For the DAO we ask that you consider the points above, that you give some very very focused thought around how you want to manage your node operators and the relationships with them and how important certain aspects like infra diversity, operator size vs centralization pressures, etc.

At the very least, stick to a set of rules and play by them transparently and openly.

5 Likes

Wow. There is a lot to digest in this post. I wasn’t aware of any of these frictions, and I am concerned about seeing them.

Two things jump to mind immediately:

1.) The distribution of keys and deposits across node operators appears to be unfair. If we keep onboarding more and more operators, the current mechanism apparently fails to provide sufficient inflows to older operators. By the time the newest operator is “filled up” and on par with the rest, we’ll have the next new operator, and so on. If this is how it works, we need to change it. I would support a round-robin approach.

2.) I may be outing myself as an ignorant know-nothing, but I never really understood GNO and why we need to offer GNO staking. If it turns out that operating GNO infrastructure can’t be achieved with a profit, or at least break even, that would be economic insanity and should be stopped.
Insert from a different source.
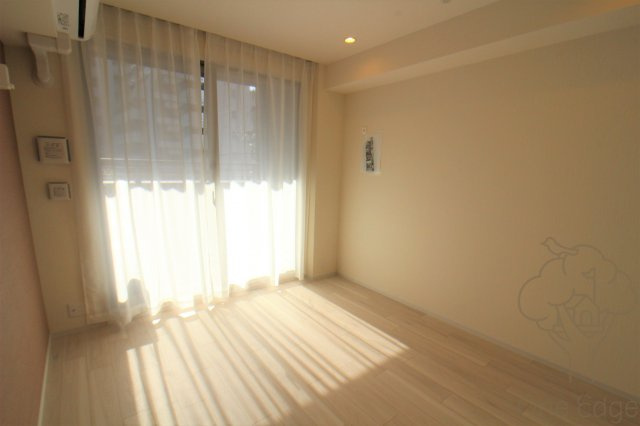 ミッドコート東三国の寝室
As a third point I think we need to make sure that our standards and procedures for onboarding new operators are followed.

I hope more DAO members will weigh in on this discussion, because at least one of our node operators is struggling - hard - with dire consequences on the horizon (having to shut down in March 2023). The well being of our node operators is in all our best interest and we can’t allow that they operate at a loss.

I would also love to hear the team’s input on this and maybe share how they see things, which would help us understand the situation better and, more importantly, from different angles.

Let’s fix this.

7 Likes

I am going to link this comment here as well.

I disagree with the categorization, at least in terms of our experience/expections coming in as a gensis operator. We were told to take gnosis first before ETH, and were judged on that performance to be granted ETH (along with our testnet activity which was extended as well).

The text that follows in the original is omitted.